When a transaction acquires a non-IPIC session to another system, either explicitly with an ALLOCATE command or implicitly because it uses, for example, non-IPIC function shipping, a communication profile is associated with the communication between the transaction and the session.

The communication profile specifies the following information:
  • Whether function management headers (FMHs) received from the session are to be passed on to the transaction.
  • Whether input and output messages are to be journaled, and if so the location of the journal.
  • The node error program (NEP) class for errors on the session.
  • For APPC sessions, the modename of the group of sessions from which the session is to be allocated. If the profile does not contain a modename, CICS® selects a session from any available group.

CICS provides a set of default profiles, which it uses for various forms of communication. Also, you can define your own profiles, and name a profile explicitly on an ALLOCATE command.

A profile is always required for a session acquired by an ALLOCATE command; either a profile that you have defined and which is named explicitly on the command, or the default profile DFHCICSA. If CICS cannot find the profile, the CBIDERR condition is raised in the application program. Profiles are only required for non-IPIC communication.

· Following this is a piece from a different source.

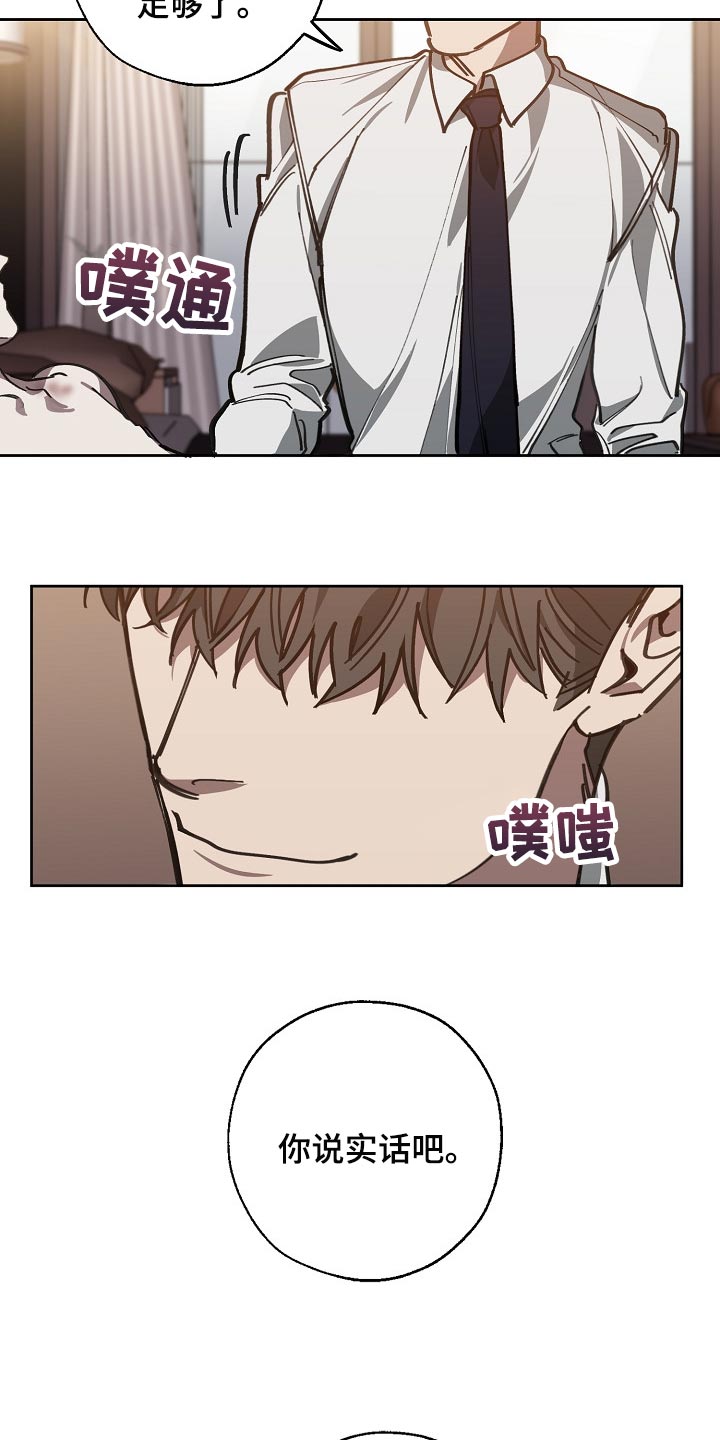危险交换漫画,第111章：背后捅刀3图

For IPIC communication RTIMOUT defines the limit for how long a task will wait for a response message once it has successfully transmitted a request message. It is defined in the PROFILE associated with the TRANSACTION resource definition that a task is using, see PROFILE resources. DTIMOUT is taken from the TRANSACTION resource definition, see TRANSACTION resources. DTIMOUT controls how long a task is suspended for while it is enqueued waiting for use of the buffer that the TCP/IP stack provides to allow tasks to send message into the network on a particular socket. It also sets a time limit on how long a task will wait in the session allocation queue. Each IPCONN has a pool of sessions which get allocated to new tasks that want to send messages over the connection. Once a task is allocated a session then it is held until the task terminates, or issues a syncpoint. The session allocation queue is there to allow new tasks to wait when there are no free sessions. DTIMOUT for IPIC will trigger if a task is in a SOCKET wait or ENQUEUE state waiting for a socket, where as RTIMOUT will trigger when the task has transmitted data to the network.

The following attributes of a PROFILE resource are relevant to intersystem sessions:
PROFILE(name)
MODENAME(name)
This attribute is optional
INBFMH(NO|ALL)
This attribute is optional.

For MRO sessions that are acquired by an ALLOCATE command, CICS always uses INBFMH(ALL), no matter what is specified in the profile.

For APPC conversations, this attribute is ignored; APPC FMHs are never passed to CICS application programs.

JOURNAL(NO|value)
This attribute is optional
MSGJRNL(NO|INPUT|OUTPUT|INOUT)
This attribute is optional
NEPCLASS(0|value)
This attribute is optional
RTIMOUT(NO|value)
This attribute is optional.
It is usually important to ensure that an intercommunicating transaction never waits indefinitely for data from its partner transaction. The RTIMOUT attribute should be given a value suitable for intersystem working: rather less than the timeout periods typically specified for terminals used as operator interfaces. The RTIMOUT value should also be greater than the DTIMOUT value specified on the partner transaction definition.